There are sundry complaints about the independent counsel as that institution has evolved. One is that the very appointment of a special prosecutor is a politically traumatic affair and implies guilt. Another is that independent counsels, once appointed, turn into Ahabs. Their charter, unlike normal prosecutors’, is to pursue a particular person rather than a particular crime. Their every incentive is to prosecute, since failure to prosecute suggests that the whole enterprise was needless. Their pursuit is not hampered by many of the budget and policy restraints that cool the zeal of normal prosecutors. (These arguments could be found on the WallStreetJournal editorial page almost any random day in the late 1980s, although not during the late 1990s.)

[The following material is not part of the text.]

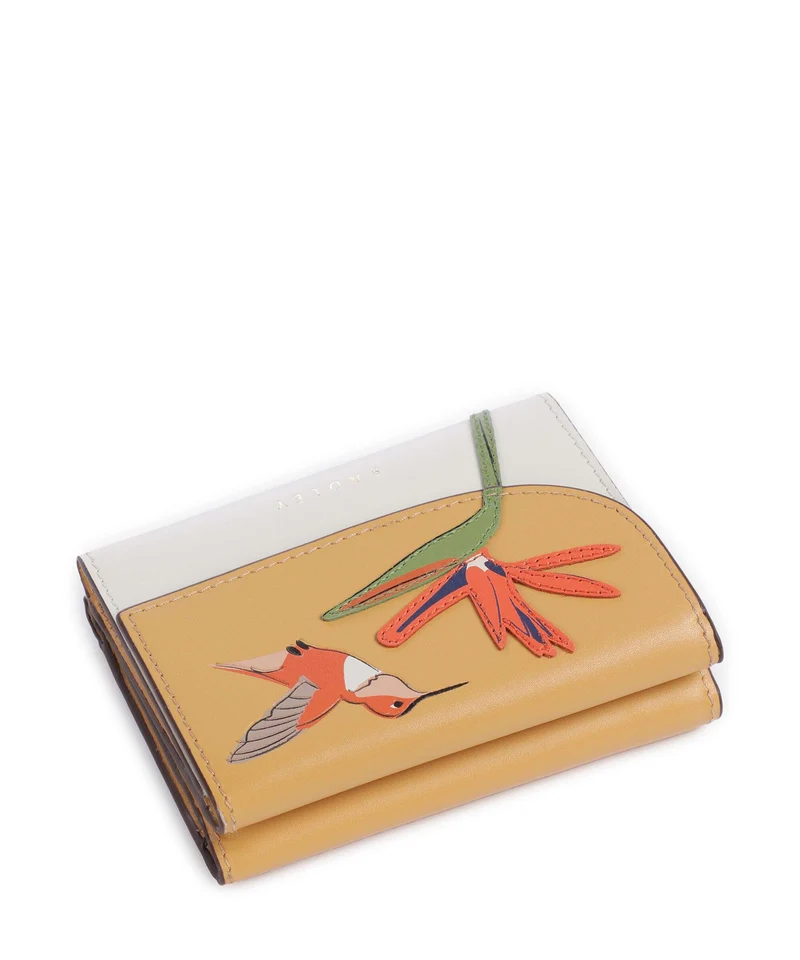 Radley London Bird of Paradise Portefeuille chalk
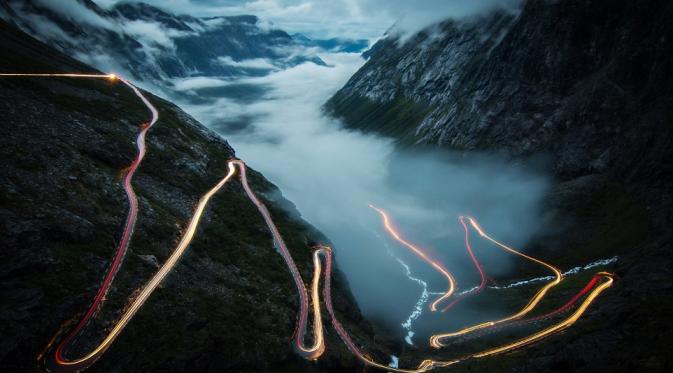 Trollstigen, Norwegia. (Christoph Schaarschmidt/National Geographic)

Some of these complaints are valid. But the solution is not to give up on special prosecutors. The solution is to make the independent prosecutor a permanent office, rather than appointing a new one every time a scandal or alleged scandal comes along. Unless the political culture changes drastically, there will always be one or more independent prosecutors investigating the administration of the day and/or past administrations, anyway. Referring some matter to a permanent independent prosecutor’s office would be far less fraught than appointing a new independent prosecutor and would carry less of a stigma. A permanent independent prosecutor’s office could be held more easily to reasonable financial and procedural guidelines. A permanent independent prosecutor’s office would not need to feel that its reputation depended on prosecuting and convicting everyone it investigated.
There would still be an Ahab syndrome. In fact a permanent independent prosecutor’s office would institutionalize the current de facto reality that special prosecutors hold high government officials to a fussier standard of law-abiding than what the average citizen faces. That’s OK. Those who enforce the law on the rest of us ought to be more law-abiding than the average. If the speed limit is 55 mph, off-duty highway cops should drive at 55, even if 62 or 63 is close enough for the rest of us. If White House aides have to keep glancing over their shoulders to see if a Ken Starr is chasing them with a harpoon, that is no bad thing. It might even be a nice tradition for the permanent independent prosecutor’s office always to be run by someone from the opposing party.
We all have learned recently, for example, that even outright lying under oath in a deposition for a civil case is the kind of thing that an ordinary citizen apparently does not often get prosecuted for (though it’s not clear why not–especially when the liar is the defendant in the case). Even under a reformed independent prosecutor law, a president would be more at risk of prosecution–or at least of public exposure and humiliation–for this transgression than the ordinary citizen. Is that such a terrible thing?
Some day there will be a Republican president again, and the WallStreetJournal will rediscover all its objections to independent prosecutors. Democrats, meanwhile, will be glad the law is still around. And who knows? Sexual harrassment isn’t unknown among Republicans, either.